But it is a school that also is well-known for the three elements that have been central to Grove City's mission since its very beginning: to provide an excellent education, in a Christian environment, while keeping down costs. In Freedom's College: The History of Grove City College (Regnery, 338 pp, $27.95, illustrated), Lee Edwards -- an adjunct professor of political science at the Catholic University of America, a senior fellow at the Heritage Foundation and senior editor of Insight's sister monthly, The World and I -- tells with skill the impressive story of how Grove City got from its modest beginning to the role it plays in American education today. Partly, it's the story of strong personalities.
Grove City's first president, Isaac Conrad Ketler, was a "devout Presbyterian with a passion for education" and a strong ambition to become an influential teacher and educator. His significance to the college was enormous. Ketler served as president until 1913 -- 37 years altogether, during a very formative period for the school. But equally significant for Grove City's future was the fact that Joseph Newton Pew, founder of the Pew dynasty of financiers and philanthropists, was one of Ketler's grade-school teachers and a lifelong mentor and friend of the educator. As Edwards writes: Ketler and Pew "would ultimately forge a remarkable relationship that would profoundly influence the purpose and character of Grove City College."

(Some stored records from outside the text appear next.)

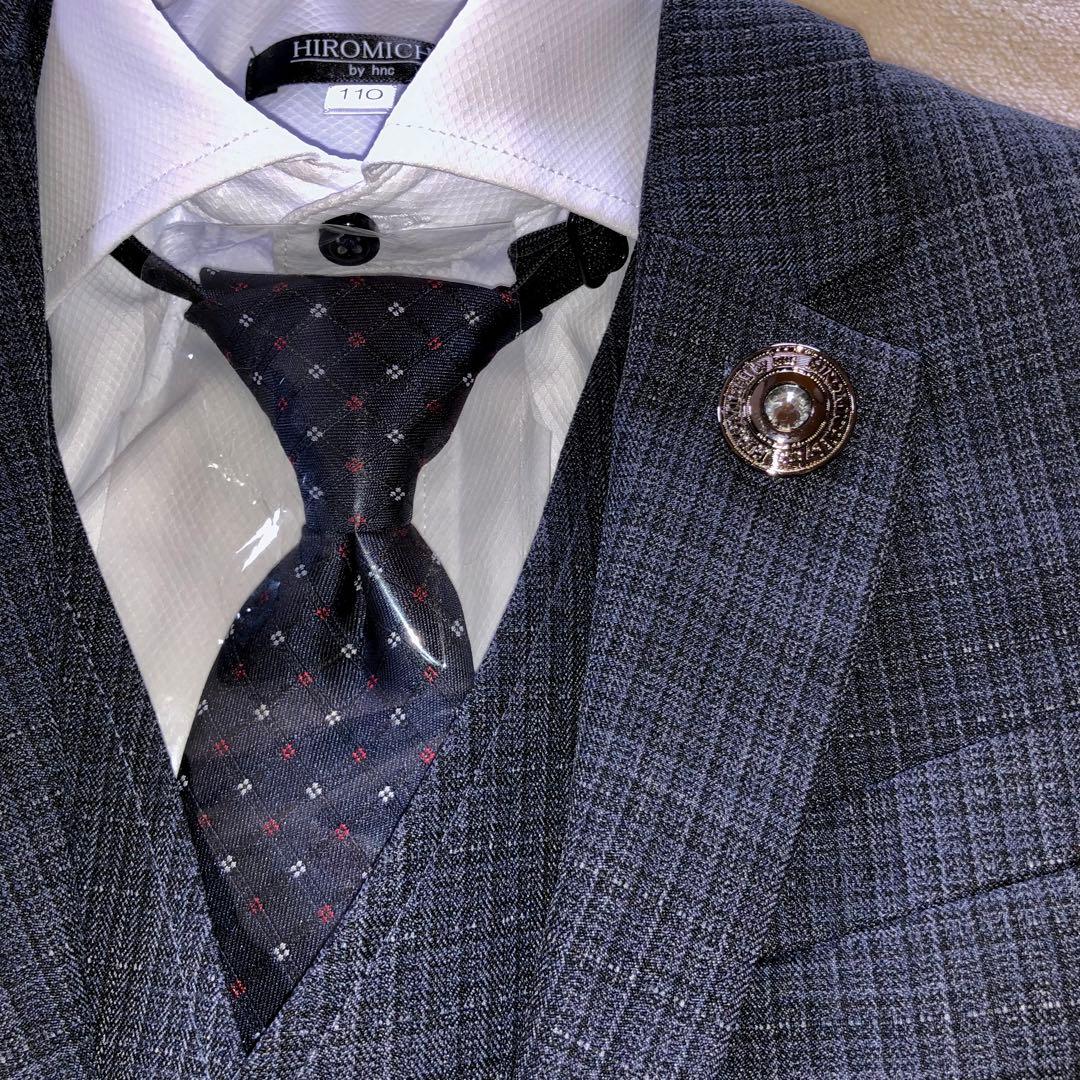 新品HIROMICHI by hnc 男の子 フォーマルスーツ 110cm 濃青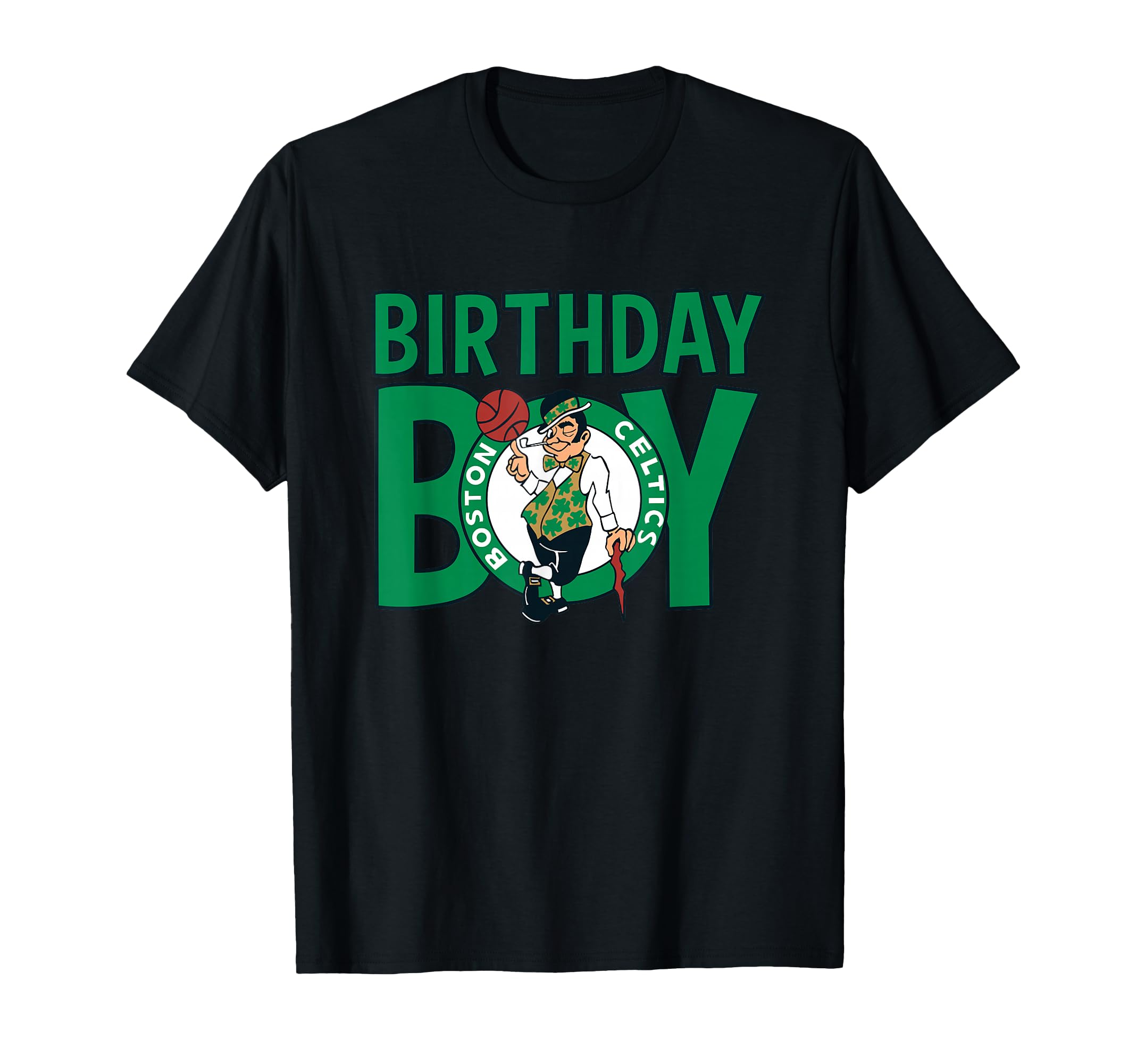 NBA Birthday Boy Vintage Retro Boston Celtics Logo T-Shirt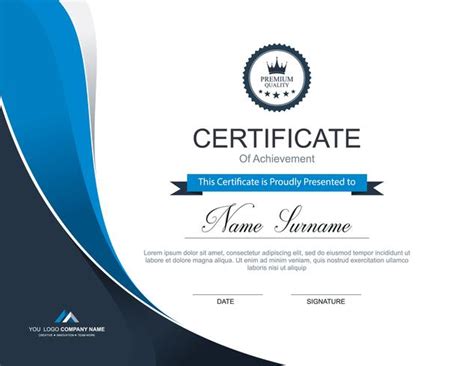 Vector certificate template 555122 Vector Art at Vecteezy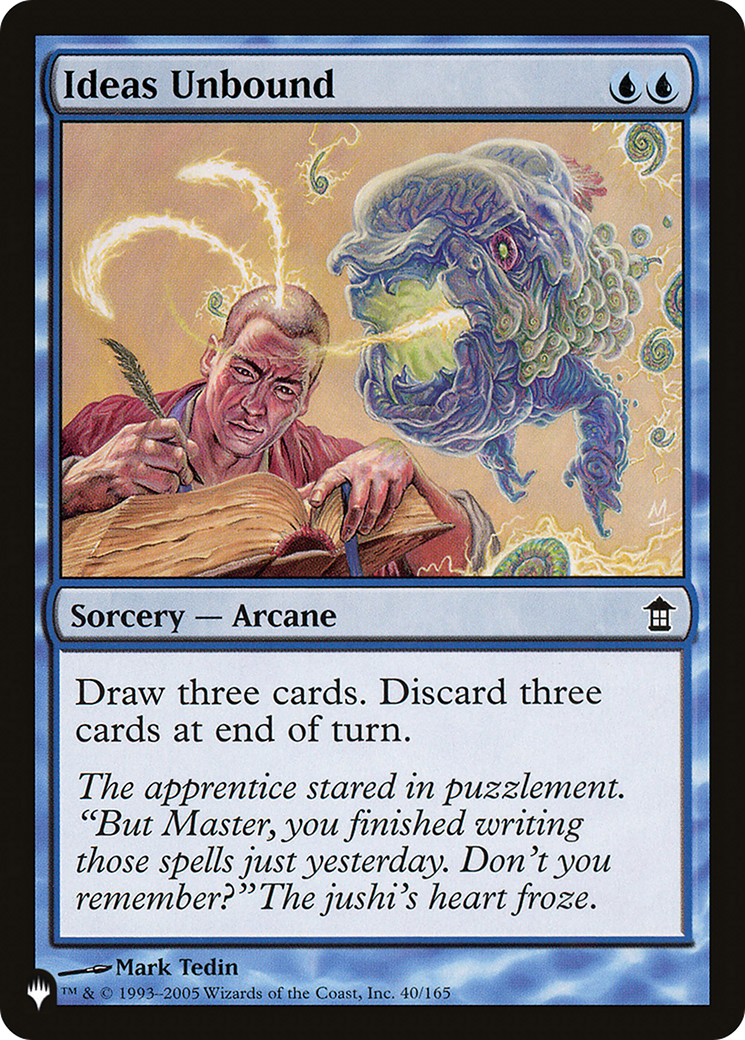 Ideas Unbound (LIST-SOK-40) - The List
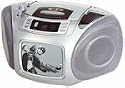 Axion ACN-3553 5" Portable Black & White TV with AM/FM Radio & CD Player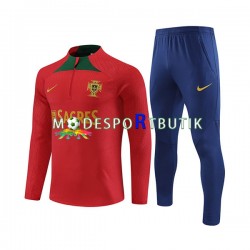 Portugal Tränings Sweatshirtställ Röd 2023-2024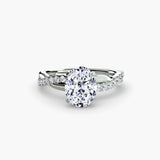 The Emerald Twist Pavé Ring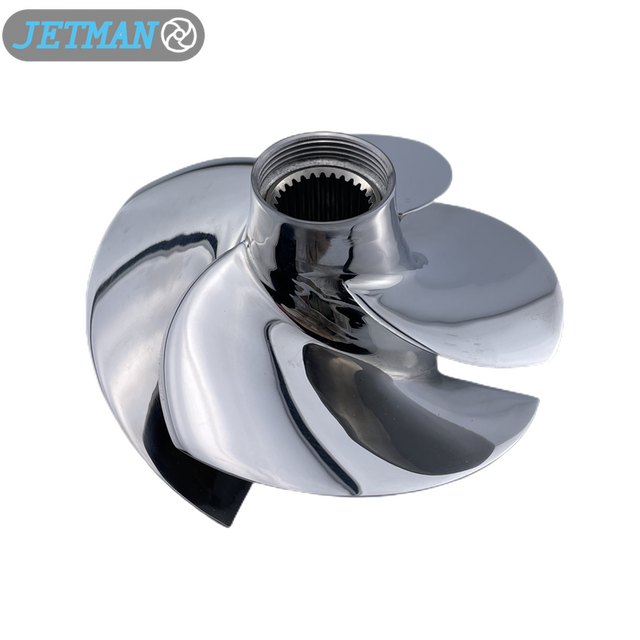 OEM No.SRB-11/19 Diameter 155.5mm 4 Blades Polished Jet Ski Impeller Fit for Sea-Doo GTX 155/GTX S 155 (2010-2017)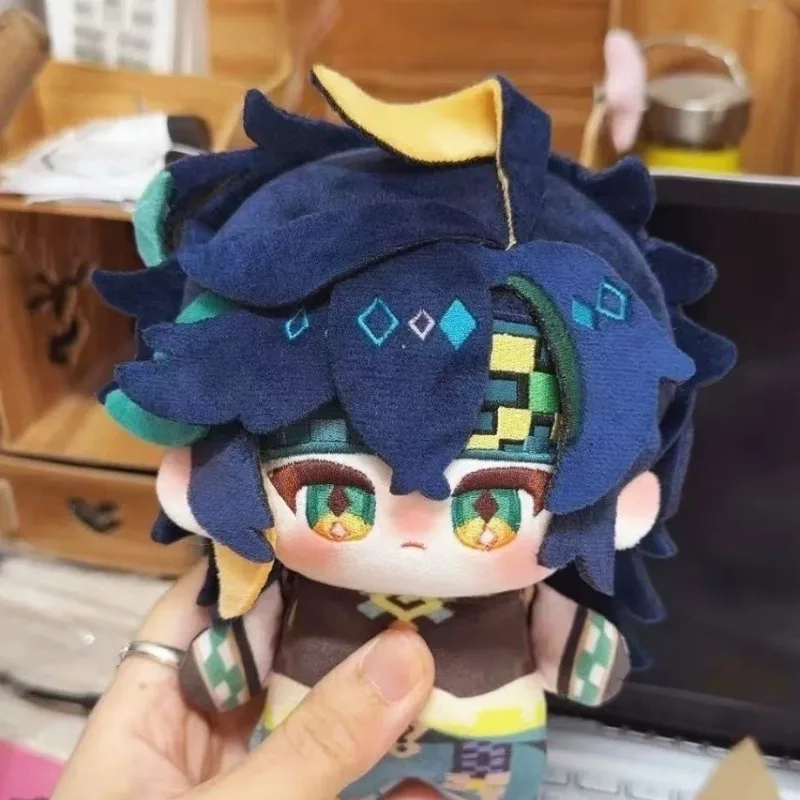 

10 см аниме-игра Genshin Impact Kinich Kawaii, хлопковая кукла для косплея NuNu, мультяшный мини-мягкий плюшевый брелок, игрушечные фигурки, подарок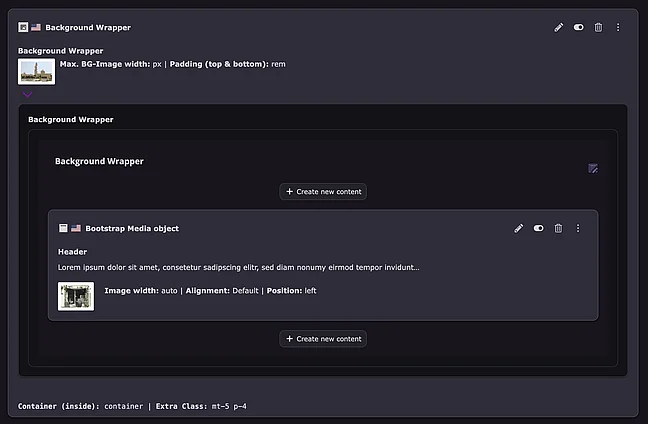 Mit Backend Preview & Footer Info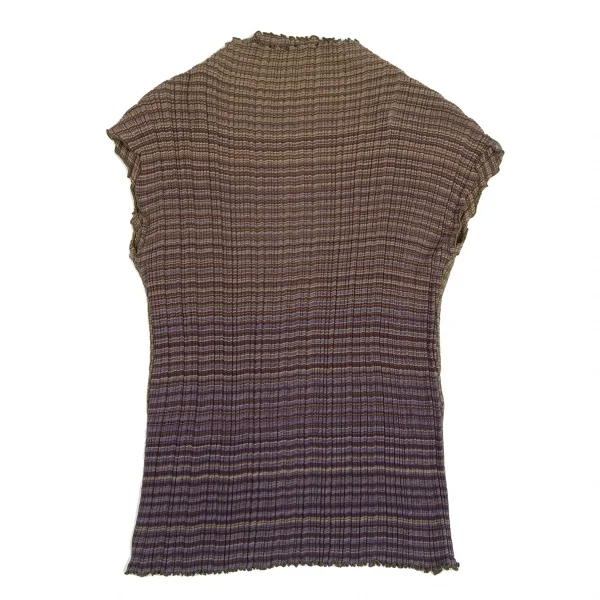 JURGEN LEHL Stripe Rib Knit Sleeveless Shirt K-124923_002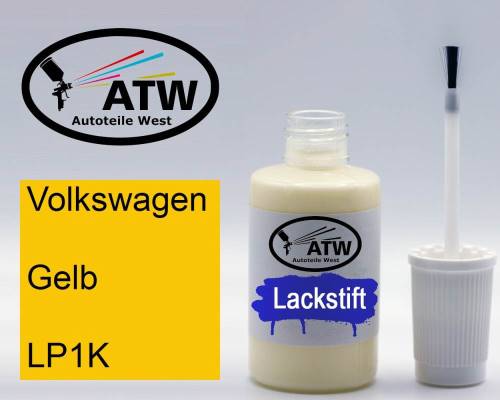 Volkswagen, Gelb, LP1K: 20ml Lackstift, von ATW Autoteile West.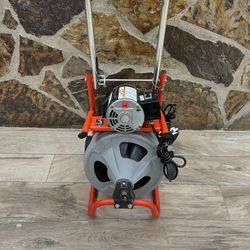 RIDGID K-400 T3 Powered Auto Feed Drain Cleaner Snake Auger Machine Like New!,Ridgid,Ridgid K-400 T3 Like NEW!!!,drain Snake,snake,sewer Rooter Snake,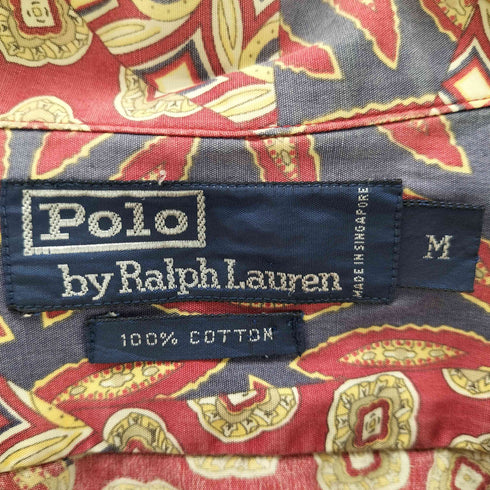 ポロバイラルフローレン Polo by RALPH LAUREN バティック柄 ビンテージスカーフ柄 半袖 開襟シャツ アロハシャツ メンズ JPN:M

During the nationwide economic crisis of 1893, Ketler turned to his former instructor -- no longer an elementary-school teacher but a wealthy businessman in Pittsburgh -- to help save the financially imperiled college. Pew, like Ketler a devout Presbyterian and strong believer in the importance of good education, accepted the presidency of the school's board of trustees. Their influence continued with their sons, Weir Ketler (Grove City president from 1916 to 1956) and J. Howard Pew, who was graduated from the college in 1900 and like his father became trustee-board president. A Presbyterian as devout as his father had been, and a conservative, J. Howard Pew insisted that the college operate only on what it received in tuition and fees.
Under such leadership it was natural that Grove City College always has marched to its own beat. As other small colleges shed their religious faith and practices, nondenominational Grove City College did not.
In the 1930s and 1940s, J. Howard Pew -- then president of Sun Oil -- was one of the nation's most outspoken critics of the New Deal, so it also was natural that Grove City College look unfavorably upon federal aid and involvement in education and that it would strive to remain the highly independent institution it is today.
In 1984, an eight-year baffle ended between Grove City College and the U.S. Department of Education over whether the college would remain exempt from federal anti-discrimination laws if its students received federal financial aid. The school lost the case (Grove City College v. Bell) but, as Edwards argues, the loss strengthened the resolve of the college to go it alone, find ways privately to provide needy students with financial help and remain independent of the ever-intrusive Department of Education.
In standing firm against government "help" Grove City College became a hero to conservatives and others across America concerned about federal Control of education. But, as Edwards shows, Grove City's act of heroism and independence wasn't something new at the college. It was in keeping with its 125-year history of strong Christian faith and traditional American individualism. Edwards quotes the current president, John H. Moore: "We take the less-traveled path at Grove City College."